The main problem is that this sort of thing (tracking of cars and storing the data in a central database) is considered normal by corporations and is allowed by law. Would we like to have big corporations place private detectives outside our houses and when we leave they follow our every step, take photos, record audio and track our GPS position and report all that data to the corporation in realtime? That is what they do now with their cars and phones and appliances. The reason they did not do it in the past was that it was expensive to have private detectives track each of their customers, was considered spooky and abnormal and it was probably also illegal, but now it is cheap and somehow considered normal.

  • I guess GDPR is a good idea, but in practice it has limited value. I suppose all that is needed is that the user accepts (consents) by answering yes to a popup question. It can be asked over and over. If you answer yes by accident at some point you are screwed.

    Not allowed by the GDPR, this violates the principle of unambiguous consent:

    https://www.autoriteitpersoonsgegevens.nl/en/themes/basic-gd...

    You can maybe(?) retract your answer,

    Under the GDPR, retracting consent should be as easy as giving consent. Moreover, you have the right of erasure. Even if you consented, when asked, GM should remove all your personal data:

    https://gdpr-info.eu/art-17-gdpr/

    but maybe you don't even know you answered yes at some point when you were stressed and had to drive somewhere, while your nav/media system asked you this question.

    Violates both the rules that consent should be given freely.

    ---

    More broadly, selling non-anonymous data would never be allowed under the GDPR, because the third-parties would need to consent to use the data.

    (IANAL)

    • In theory it all sounds nice, but in reality I have never seen any website or product adhere to what you (or GDPR) states.

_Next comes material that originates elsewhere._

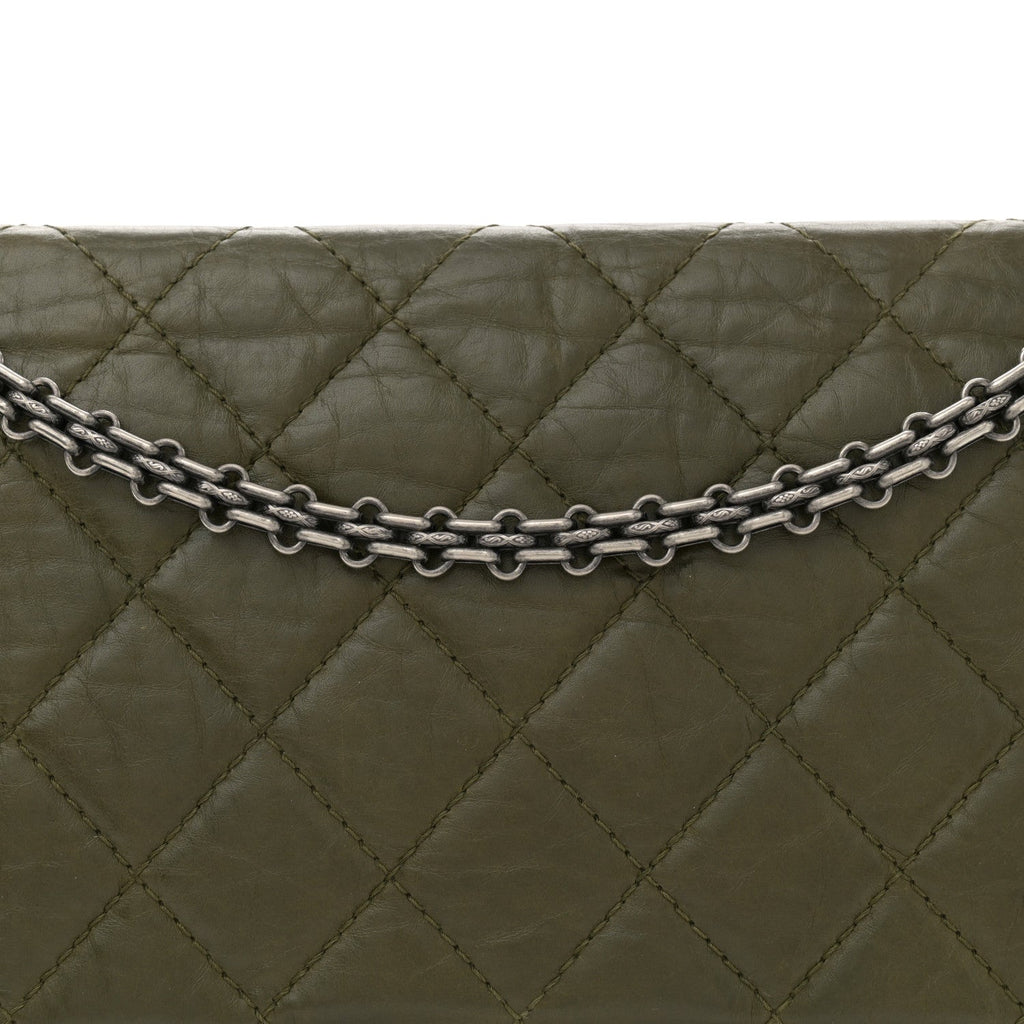 Aged Calfskin Quilted 2.55 Reissue 227 Flap Dark Green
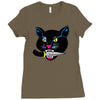 balck cat Ladies Fitted T-Shirt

      If you answer yes in a popup by fat-fingering, stress, mixup whatever you are screwed. The popup typically comes up when you do not want it, i.e. when you are about to use the product's main function.

      > Under the GDPR, retracting consent should be as easy as giving consent.

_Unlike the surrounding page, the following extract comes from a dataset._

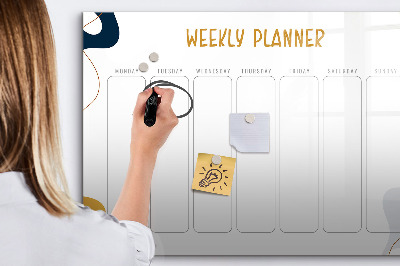 Memobord van glas met print inclusief neodymium magneten Weekplanner met ruimte voor foto's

      Well, the popup to give consent comes up all the time wether you want it or not, but there is no popup coming up to retract it. You have to search deep in the settings. It's quite unlikely people will do that on embedded hardware or cars.

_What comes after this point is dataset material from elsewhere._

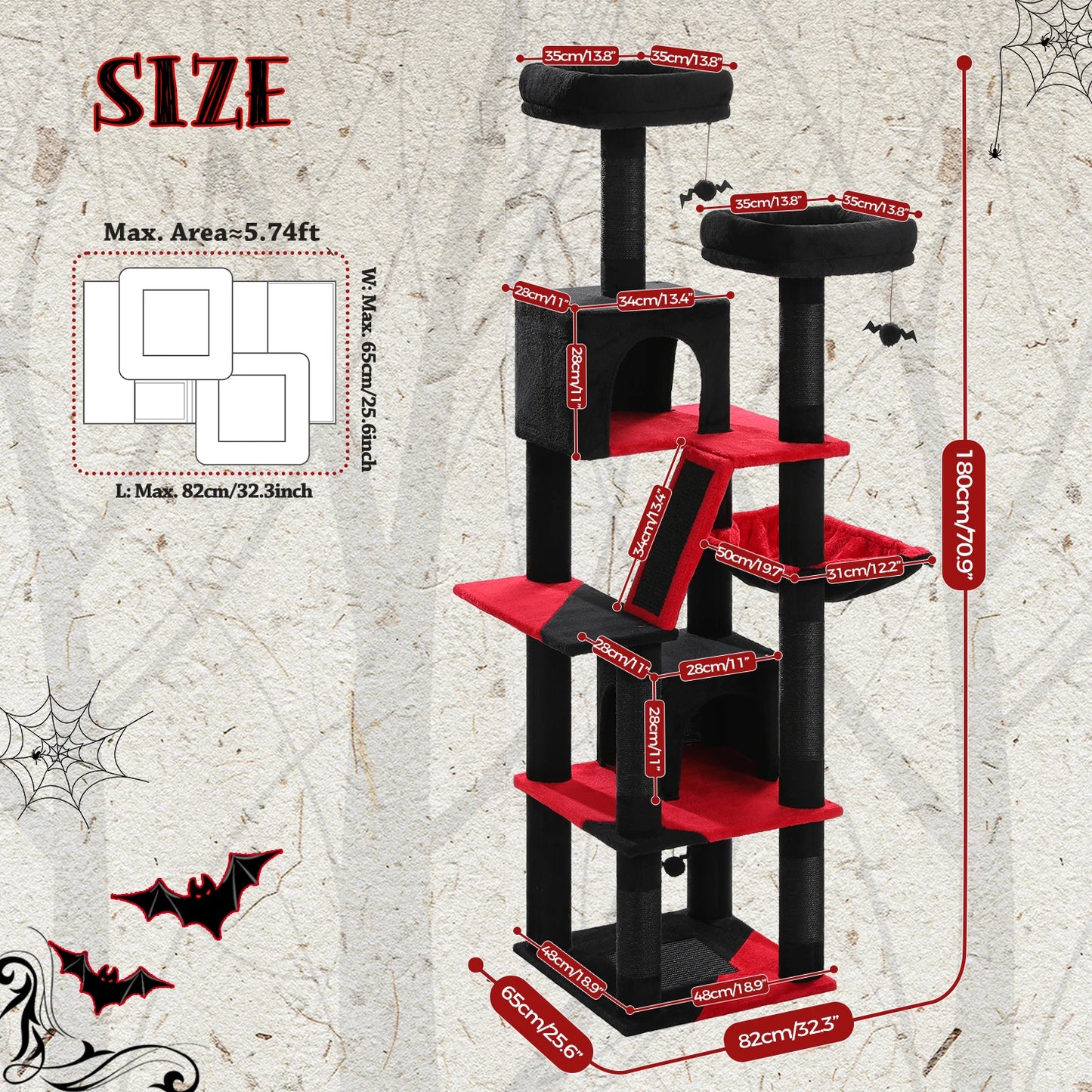 Multi-Level Cat Tree Indoor Tower with Scratching Posts Hammock Condo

      And if first given consent by mistake, they have already fetched data in the meantime until you turn it off.

      > Violates both the rules that consent should be given freely.

      What do you even mean? Of course no one is pointing a gun to your head, but they put up the popup asking for consent and I might push the wrong button by mistake. I might also not notice I pushed the wrong button because there is never a confirmation step.

      [EDIT]: And there are typically a huge bunch of switches and checkboxes asking for different kinds of approvals which makes in even easier to make mistakes.

  • > I guess GDPR is a good idea, but in practice it has limited value. I suppose all that is needed is that the user accepts (consents) by answering yes to a popup question. It can be asked over and over.

    While this is a somewhat common approach, it's not compliant. The real problem with the GDPR is enforcement; it's largely enforced by national data protection bodies of, well, varying quality, resourcing, and aggressiveness.